§ PROBLEM TO SOLVE
For this exercise, print only the lines from the one containing "Νικόλας Πατέστος: ο" through the end of the material below, exactly as given.

### ENTRIES SHOWN ###

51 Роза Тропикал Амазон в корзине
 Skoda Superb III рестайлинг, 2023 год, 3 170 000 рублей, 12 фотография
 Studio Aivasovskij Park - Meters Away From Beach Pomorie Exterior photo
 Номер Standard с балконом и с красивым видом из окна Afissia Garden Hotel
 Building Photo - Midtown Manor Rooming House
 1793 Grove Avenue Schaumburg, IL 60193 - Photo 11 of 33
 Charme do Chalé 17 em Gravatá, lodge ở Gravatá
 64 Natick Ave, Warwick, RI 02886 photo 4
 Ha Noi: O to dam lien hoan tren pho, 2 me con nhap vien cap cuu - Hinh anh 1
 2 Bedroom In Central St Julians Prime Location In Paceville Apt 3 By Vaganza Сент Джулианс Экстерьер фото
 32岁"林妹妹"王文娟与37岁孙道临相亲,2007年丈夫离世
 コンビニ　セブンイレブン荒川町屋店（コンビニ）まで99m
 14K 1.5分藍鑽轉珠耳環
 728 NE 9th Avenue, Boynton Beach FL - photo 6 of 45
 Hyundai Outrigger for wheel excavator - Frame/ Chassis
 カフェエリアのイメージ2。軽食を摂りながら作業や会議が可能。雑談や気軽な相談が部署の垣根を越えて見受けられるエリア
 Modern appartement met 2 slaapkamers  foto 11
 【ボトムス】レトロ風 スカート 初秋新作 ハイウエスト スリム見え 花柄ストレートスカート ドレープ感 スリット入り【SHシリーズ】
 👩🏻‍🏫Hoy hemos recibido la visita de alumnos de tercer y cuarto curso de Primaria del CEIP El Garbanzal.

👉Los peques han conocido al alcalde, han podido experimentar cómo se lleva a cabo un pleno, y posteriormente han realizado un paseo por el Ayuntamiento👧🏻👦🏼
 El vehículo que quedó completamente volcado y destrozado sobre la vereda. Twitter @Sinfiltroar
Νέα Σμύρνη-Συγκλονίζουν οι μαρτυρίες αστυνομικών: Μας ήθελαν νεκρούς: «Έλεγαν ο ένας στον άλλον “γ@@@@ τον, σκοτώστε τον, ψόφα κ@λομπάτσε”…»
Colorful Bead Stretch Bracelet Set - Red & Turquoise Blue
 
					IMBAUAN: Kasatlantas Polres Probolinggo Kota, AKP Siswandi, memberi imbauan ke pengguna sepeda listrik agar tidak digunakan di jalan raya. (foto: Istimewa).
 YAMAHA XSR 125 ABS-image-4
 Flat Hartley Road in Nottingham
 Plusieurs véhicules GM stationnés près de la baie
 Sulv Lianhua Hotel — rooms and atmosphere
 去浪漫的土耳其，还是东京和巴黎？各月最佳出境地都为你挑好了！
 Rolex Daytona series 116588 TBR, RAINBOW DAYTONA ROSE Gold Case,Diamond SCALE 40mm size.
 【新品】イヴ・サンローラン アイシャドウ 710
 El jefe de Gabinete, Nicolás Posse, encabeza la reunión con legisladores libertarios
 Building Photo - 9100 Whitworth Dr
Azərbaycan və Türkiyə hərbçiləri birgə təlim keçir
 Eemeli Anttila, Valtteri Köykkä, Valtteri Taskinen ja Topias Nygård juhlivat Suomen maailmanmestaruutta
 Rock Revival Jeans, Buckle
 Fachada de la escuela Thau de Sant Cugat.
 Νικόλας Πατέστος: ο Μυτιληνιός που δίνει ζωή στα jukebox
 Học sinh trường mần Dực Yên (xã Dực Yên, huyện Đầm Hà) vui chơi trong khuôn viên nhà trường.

###

§ ANSWER SECTION
 Νικόλας Πατέστος: ο Μυτιληνιός που δίνει ζωή στα jukebox
 Học sinh trường mần Dực Yên (xã Dực Yên, huyện Đầm Hà) vui chơi trong khuôn viên nhà trường.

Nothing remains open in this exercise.